Clinical malpractice may not involve only one medical practitioner, and one or more may be accused as having failed in their duty of care. Bureaucratic procedures in a hospital rarely results in just one medical practitioner bearing sole responsibility, and in such cases the negligent party will have contributed to some degree to the injuries suffered by the injured patient. In such cases, this “contributory negligence” of each respective party would be included in any compensation for clinical malpractice claim and each would be liable to pay a percentage of any settlement awarded.

Determining Whether Your Injuries were a Result of Clinical Malpractice

Because clinical malpractice compensation claims are generally so complex, it is essential that you seek the counsel of a specialist clinical malpractice solicitor before deciding to fight for compensation for a medical error. A solicitor with expertise in this area of the law would be able to make a thorough evaluation and investigation, and will engage an expert medical professional to confirm that the actions or inactions of a medical practitioner or entity have been negligent. A solicitor will evaluate medical evidence in personal records and can contact those suspected of negligence to give them the opportunity to explain their actions. It is possible for settlements to be reached without the need for court action, although it is not unusual for clinical malpractice cases to require litigation.

When claims for clinical malpractice are taken to court, a judge will determine whether the injury was caused by medical negligence based on the evidence presented to him or her. Despite the fact that most judges will be sympathetic to a patient’s situation, in order to be successful in your claim, it must be proven that “on the balance of probabilities”, medical negligence has been the root of your injuries.

Damages Awarded for Clinical Malpractice

Awards for clinical malpractice compensation are comprised of general damages and special damages.

General damages cover the pain and suffering caused by the clinical malpractice. In addition, any emotional trauma which has resulted from the injury will be included and general damages will also recompense a client for any future pain due to possible corrective surgery or remedial treatment and how this treatment may affect the patient´s quality of life.

Special damages are given to recover any financial expenses incurred as a result of an injury sustained due to medical negligence. Any costs already incurred – which could include costs for medical treatment, transportation costs, home help, adjustments to home – along with future costs of treatment and loss of income should be compensated under special damages.

Clinical Malpractice Compensation Claims and the Statute of Limitations

According to the Statute of Limitations in Ireland, a person has two years to make a claim for clinical malpractice compensation from the date the injury was sustained. However, with cases involving medical negligence, knowledge of the injury is not always immediately apparent. Injuries are often discovered accidently, and it may be some time before the injuries due to medical negligence start to manifest. In cases such as these, the two year time limit would start from the “date of knowledge” of the injuries. There are several exceptions to the two year time limit, and it is very important for the Statute of Limitations to be explained by a solicitor as regards your personal case for clinical malpractice.

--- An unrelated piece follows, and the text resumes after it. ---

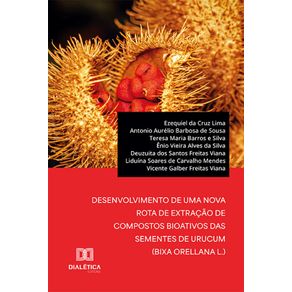 Desenvolvimento-de-uma-Nova-Rota-de-Extracao-de-Compostos-Bioativos-das-Sementes-de-Urucum--Bixa-orellana-L.-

Clinical Malpractice Claims: Summary

  • It is highly important that you engage an experienced solicitor when deciding to claim for clinical malpractice compensation.
  • Many cases for clinical malpractice are made each year against hospitals, clinics and medical practitioners for a vast range of reasons for clinical malpractice.
  • Claims for compensation for clinical malpractice can only be made when it can be proven that the injury was caused by a failure to provide the patient with a “duty of care”.
  • The patient has two years from the date the injury was sustained or the date of knowledge to make a claim for compensation, and if successful, they should receive compensation awards for both general and special damages.